きょうはこんな日でした 【 ごまめのはぎしり 】 |
新井克彦画「モンガラ カワハギ」 |
2001.1.30(火)
社員教育につき合って、小田原市にある「アジアセンター」という研修施設に行っていました。生徒が10名のところにインストラクターが4人、事務局が1名、アドバイザーとして私の計16名という、なんとも贅沢な研修です。私がインストラクターを始めた10年前は、たったひとりで30名の受講生を持ったこともあって、時代は変わってきたなと思います。研修費を削減して、受講生を減らしてきているんです。でも、この不況の中でも研修を続けてこれたというのは、会社に感謝しなければいけませんね。

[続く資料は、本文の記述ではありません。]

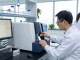 Aegean Labs scientist conducting HPLC analysis in a modern lab, showcasing precision in peptide testing.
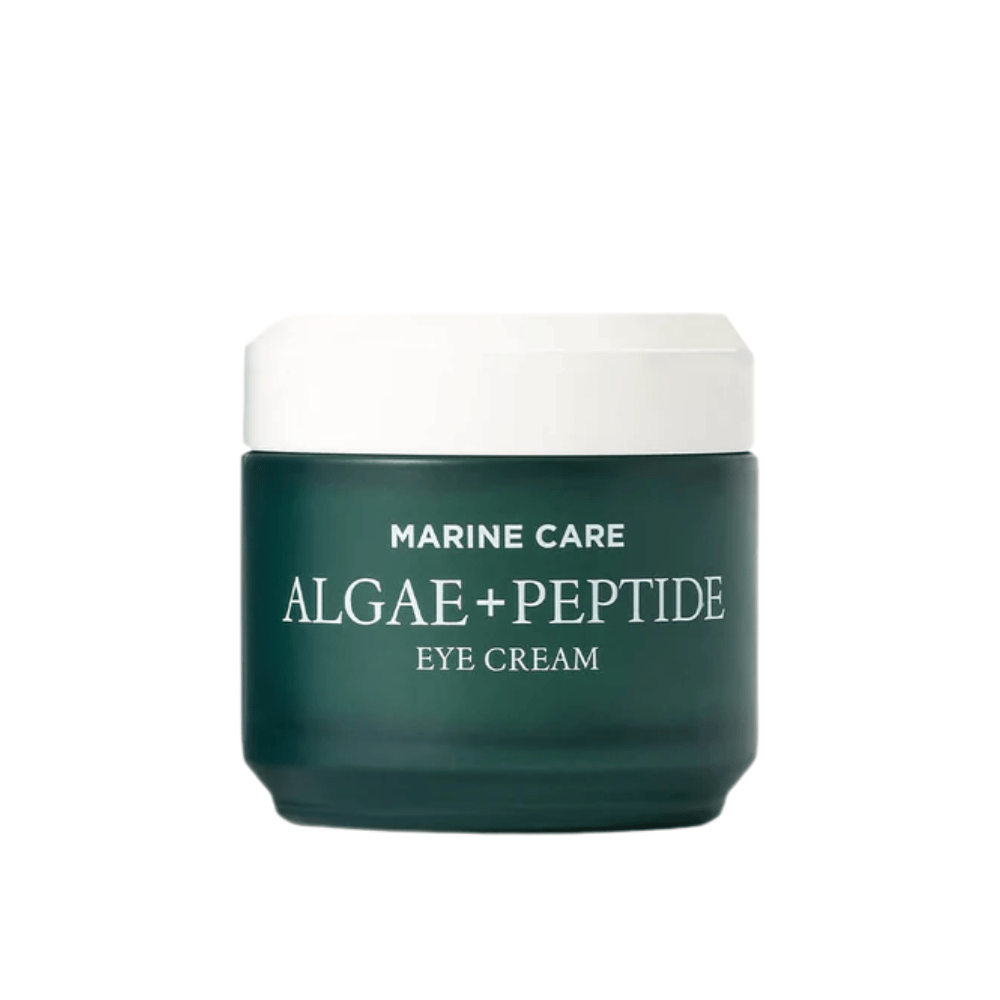 Heimish Marine Care Algae + Peptide Eye Cream i en mørkegrøn dåse med hvidt låg. En øjencreme beriget med alger og peptider for at fugte, lysne op og reducere fine linjer omkring øjnene.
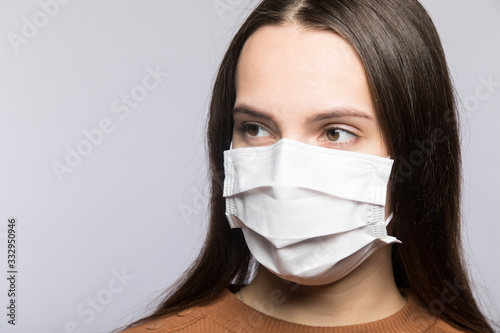 Stop coronavirus infection. The girl in the mask.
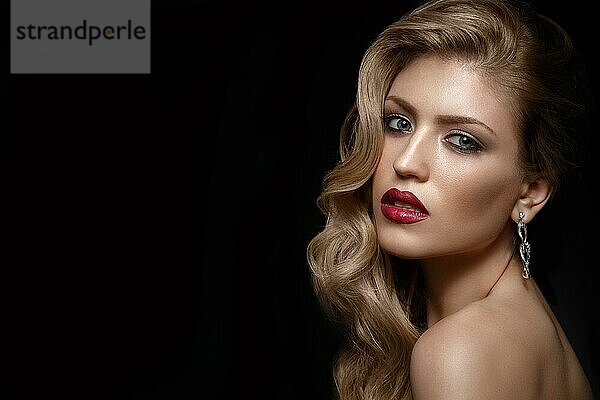 Schönes Mädchen mit roten Lippen und klassischem Make-up und Locken. Schönes Gesicht. Foto im Studio aufgenommen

私の会社は製造業です。製造現場にはトラブルがつきもので、それをいかに正確に早く安くトラブルシューティングしていくかという研修です。アメリカのシンクタンクが40年ほど前に開発したプログラムを教えています。研修生にとっては決して眠くならないおもしろいものですが、正直なところ習得するのは難しいです。まあ、興味があったらご連絡ください。日本支社長を紹介します。インストラクターをひとり育てあげるのに100万円ほどかかりますが(^^;;
○詩と批評誌『玄』50号記念号 |
2000.12.17
千葉県東金市 高安義郎氏発行 1000円 |
時の点/奥平正子
規則正しい滴りの向こうに
東京タワーが見えた。
酸素マスクを透して
右下に外苑の緑がぼやけた。
生命(いのち)はしたたかに
時の線を描いている。
昨日
隣りのベッドの人が逝った。
カーテンの向こうで 静かなざわめきが起こり
青空の中の部屋に移され
天界に近くなってから 地上に降りて逝った。
「生命の重み」は 感じない
最期の点は呆気無く 「生命の儚さ」のみ
消え入る時は 時の点
生きることは 時の線
今日の点は 昨日の点と同化しつつ
個を保ちつつ線になる。
終連の「消え入る時は 時の点/生きることは 時の線」というフレーズがよく効いていると思います。第1連で「時の線」という言葉に出会い、何かな、と疑問に思っていましたが、最終連で理解できました。読者を惹きつけておくという技術のひとつでしょうね。
「青空の中の部屋に移され/天界に近くなってから 地上に降りて逝った。」というフレーズは、理解しているようで、実はあまりよく理解できていません。人が亡くなる直前の状態を象徴的に描いていると思いますが、ちょっと違うような気もします。「青空の中の部屋に移され/天界に近くなってから」という」言葉は具体的なことを言っているようにも思います。理解不足を恥じています。
○詩誌『花』20号 |
2001.1.25
埼玉県八潮市 花社・呉美代氏発行 700円 |
調停離婚/飯島幸子
乳飲み子を抱えて実家に戻った
専業主婦は
養育費のことがあるので 家庭裁判所に行く
調停員は
ここに来る皆さんは
夫を罵って 喚き立てるんですよ
何も言わないなんて
あなたは まだ愛しているんですか
離婚に応じてくれただけで満足している
他人となった相手が
不幸になることは望まないが
愛情なんて微塵もない
「離婚三題」と題されて、この他に「熟年離婚」「白紙になった離婚届」という作品があります。その中で、この「調停離婚」を紹介するのには訳があります。私も20年ほど前に体験しているからです(^^;;
この作品と違って、私の場合は夫である私からの調停申し立てでした。でも、調停員に言われたことは似たようなもんでしたよ。「お互いにもの静かで、とても離婚調停をしているようには見えない」と言われました。だって、大人同士なんだから騒ぎ立てるのはみっともないし、喚き立てても何の解決にもならないと思っていましたね、お互いに。
そして、やはり「他人となった相手が/不幸になることは望まな」かったけど「愛情なんて微塵も」ありませんでしたね。ですから、作中の「専業主婦」の気持は理解できていると思います。
作中の「乳飲み子」については何も書かれていませんが、私は子について、ある覚悟をしていました。子は親の身勝手の犠牲者で、私はそれを生涯受けとめながら生きなければいけないと思いましたね。今もその気持に変わりはなく、まだまだ大変だなあ(^^;;
作品から離れて自分のことばっかりなってしまいましたが、そんなこの20年ほどを振りかえってしまった作品です。それも詩の持っている力なのかもしれません。